··· Data supplied ···

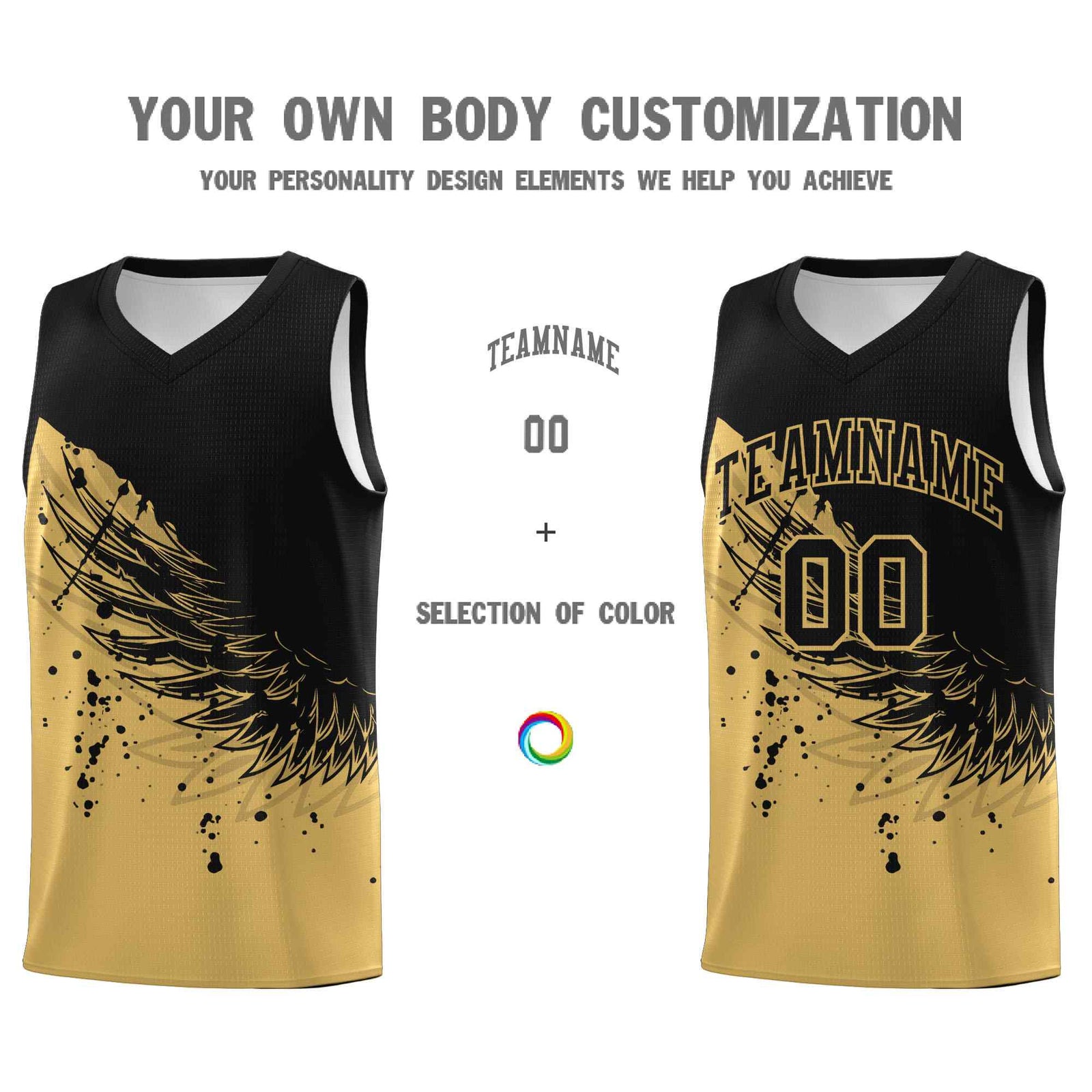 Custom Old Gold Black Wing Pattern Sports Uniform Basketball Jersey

···
··· Data supplied ···

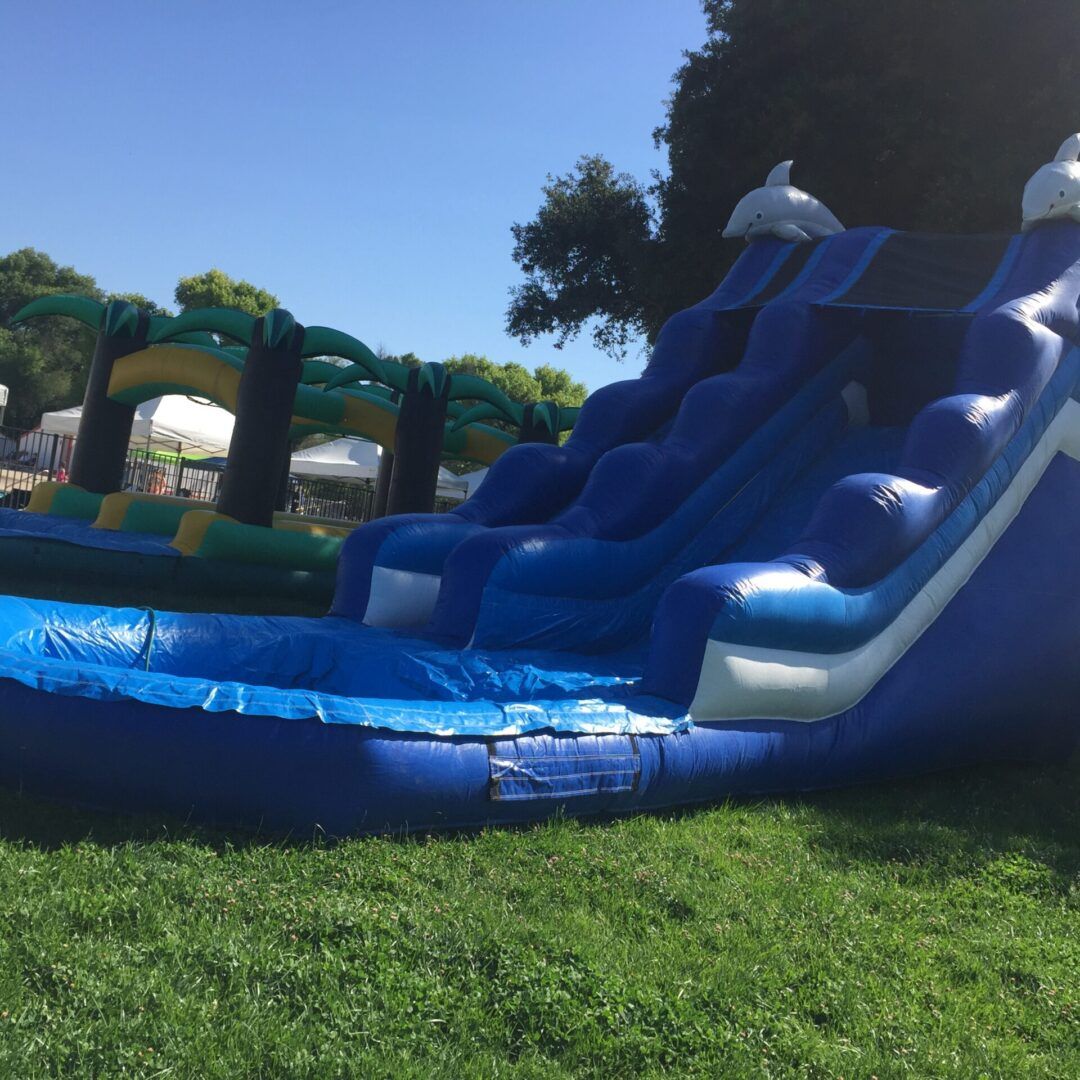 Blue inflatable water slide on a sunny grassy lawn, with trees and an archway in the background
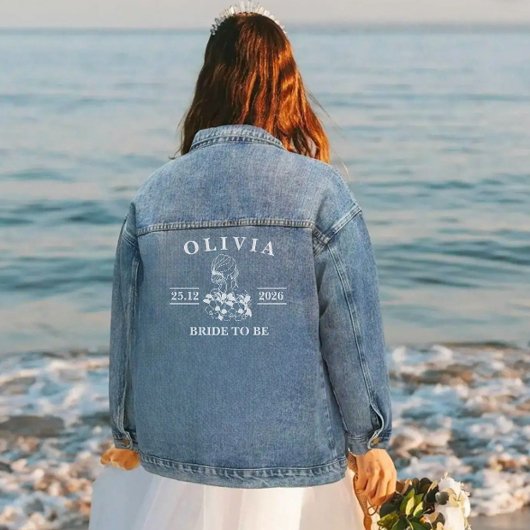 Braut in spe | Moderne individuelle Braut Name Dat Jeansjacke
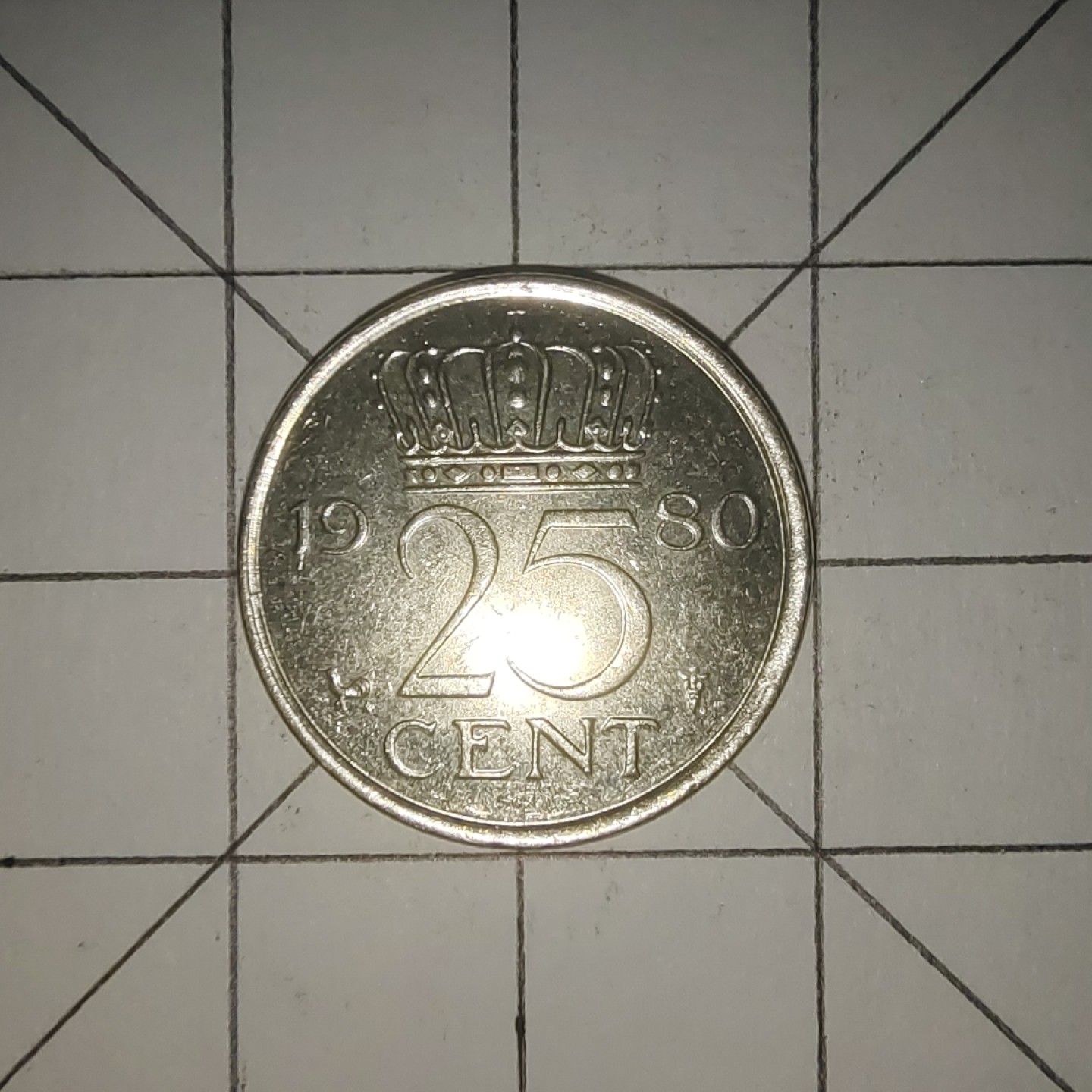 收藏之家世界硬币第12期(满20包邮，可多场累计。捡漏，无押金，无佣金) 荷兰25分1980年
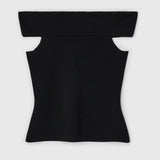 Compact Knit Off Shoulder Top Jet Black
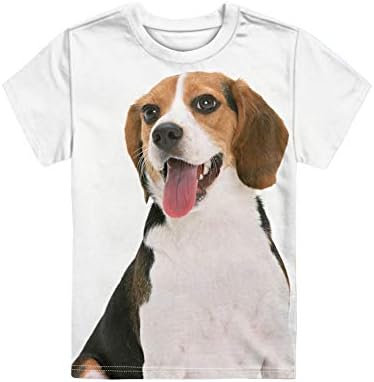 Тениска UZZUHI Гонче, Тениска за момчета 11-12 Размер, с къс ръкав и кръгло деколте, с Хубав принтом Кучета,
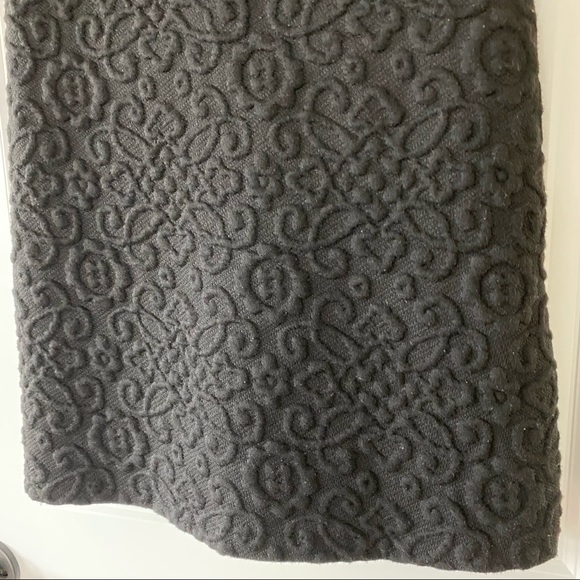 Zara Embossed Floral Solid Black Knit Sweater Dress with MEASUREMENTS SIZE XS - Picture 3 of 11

···

## What you should do
Copy word for word the lines above, starting at the line containing "Compact Knit Off Shoulder Top Jet Black" and ending at the line containing "Zara Embossed Floral", inclusive, with no pictures.

## Solution for this problem
 Compact Knit Off Shoulder Top Jet Black
 Тениска UZZUHI Гонче, Тениска за момчета 11-12 Размер, с къс ръкав и кръгло деколте, с Хубав принтом Кучета,
 Zara Embossed Floral Solid Black Knit Sweater Dress with MEASUREMENTS SIZE XS - Picture 3 of 11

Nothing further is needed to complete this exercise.